Cela fait 10 ans qu’elle a commencé à rencontrer les premières nations du Québec/Canada. Un long parcours de rencontres grâce au théâtre.
La résidence au Delta est l’une des étapes de la phase de création
Elle concernait surtout la recherche du langage théâtral, la mise en place de la lumière et du son. Tout juste entre une semaine de travail à l’Espace Magh et une autre à la Fabrique de Théâtre pour boucler la boucle là où le projet a démarré.
De quoi parle ce spectacle ?
Hélène a vécu un an sur une réserve de la nation Atikamekw, dans la communauté de Wemotaci, avec 3 ados de cette nation et leur a consacré un film documentaire.
Le spectacle est un seul en scène qui traduit son expérience personnelle de rencontre.
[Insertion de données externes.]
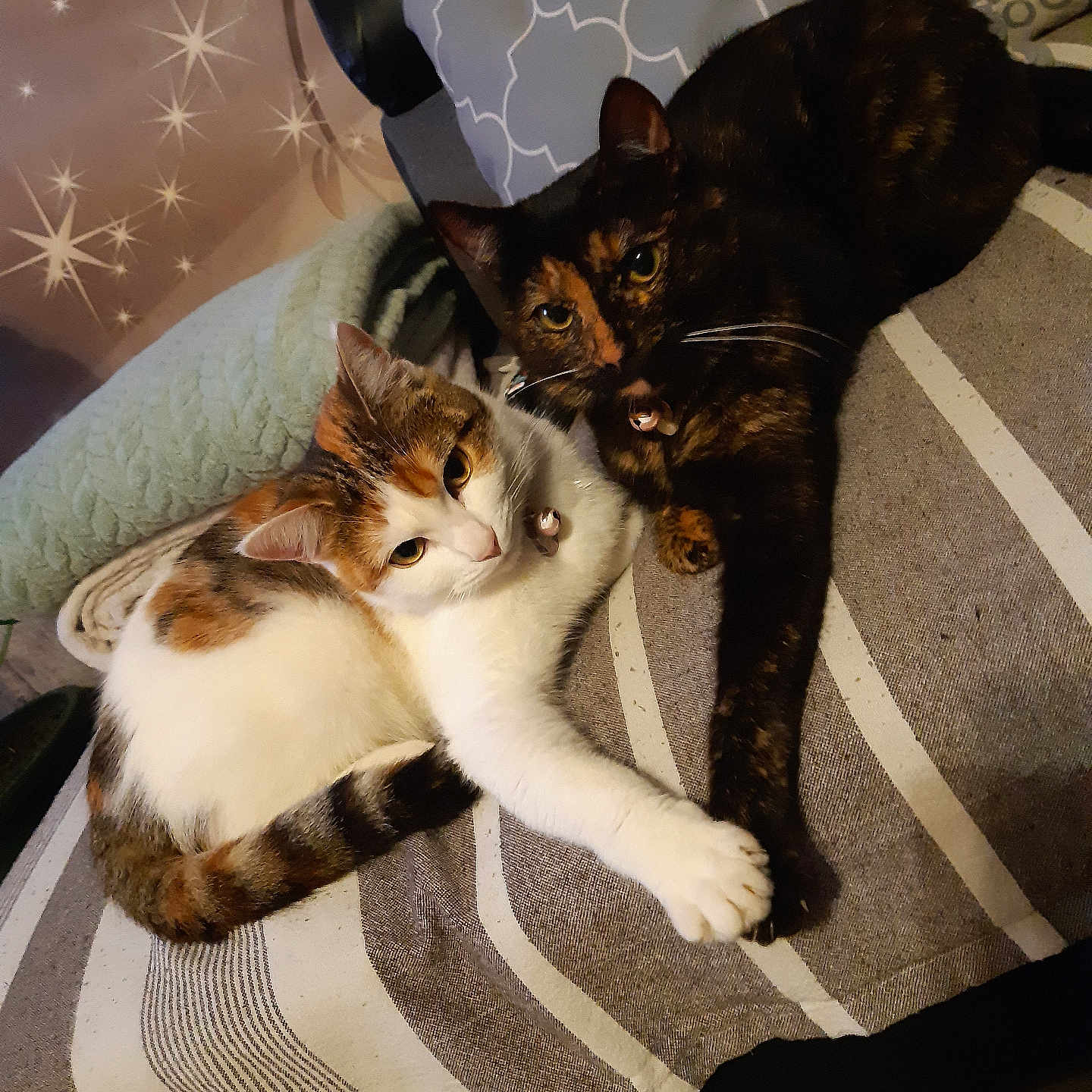 Freya Et Mady a rejoint le concours — aidez-le/la à gagner de superbes lots ! animals, blanket, calico_cat, cat, collar, companions, cozy, cute, feline, fur, home, indoor, pets, pillow, relaxed, resting, striped, tortoiseshell_cat, touching_paws, whiskers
Elle essaie d’être un intermédiaire pour les spectateurs. Elle parle d’expériences de déplacements dans la réserve, de rapport au temps, à la nature, aux animaux, à la mort.
L’idée du spectacle n’est pas de raconter l’histoire des autochtones mais de raconter des histoires qu’elle a vécues là-bas, des témoignages. Rendre compte de leur vision du monde et des choses aujourd’hui. « C’est à eux de dire qui ils sont. »
Elle abordera la colonisation, qui est toujours liée au territoire et a des conséquences directes sur la terre, les ressources, la prédation envers les ressources naturelles. « Avec la colonisation, on a diabolisé d’autres rapports au monde. Il est vraiment temps de se remettre en question sur notre idée de civilisation. »
Elle tentera de montrer un mode de vie différent et tellement beau, puis d’en tirer les enseignements.
« Il fallait tuer l’Indien dans l’enfant »
Les pensionnats autochtones, de terribles processus d’assimilation des populations autochtones dans l’état canadien, seront également abordés dans le spectacle. Toute cette politique de génocide culturel est un grand traumatisme qui traverse plusieurs générations.
Hélène fera certains parallèles avec notre propre histoire, en abordant par exemple le rapport entre la Belgique et le colonialisme, ou le racisme. « Un prêtre belge est allé vivre pendant 40 ans chez les autochtones et a eu une énorme emprise sur eux. »
Elle est heureuse de nous annoncer que Jacques Newashish, artiste Atikamekw reconnu, viendra en Belgique pour la phase de finalisation du projet au théâtre Le Rideau.
Pourquoi avoir choisi cette thématique ?
« Il y a beaucoup de choses à dire, tellement de racisme vis-à-vis de cette culture sublime. Nos sociétés ont besoin d’entendre certaines choses. Le spectacle aborde d’autres sujets que le documentaire qui, lui, suit trois jeunes ados confrontés à toute une série de réalités difficiles. Ces jeunes parlent d’alcoolisme, à 14 ans, c’est troublant. Les autochtones sont stigmatisés. La misère sociale est omniprésente, une étiquette d’alcoolisme, suicide, inceste leur colle à la peau sans qu’on se demande jamais pourquoi. »
Hélène avait envie qu’on voie leur beauté immense à travers le documentaire et le spectacle, la vitalité de leur culture, prise au piège d’une éducation québécoise, leur laissant une perspective d’avenir plutôt étroite. La rencontre entre des professeurs blancs québécois et de jeunes autochtones est très difficile. « Une ségrégation a été mise en place au Canada. Ce qui fait que toutes les populations ayant immigré au Québec ne connaissent absolument rien des cultures autochtones. »
La première du spectacle est prévue le 9 novembre au Rideau pour 3 semaines mais tout dépendra de l’évolution de la situation sanitaire.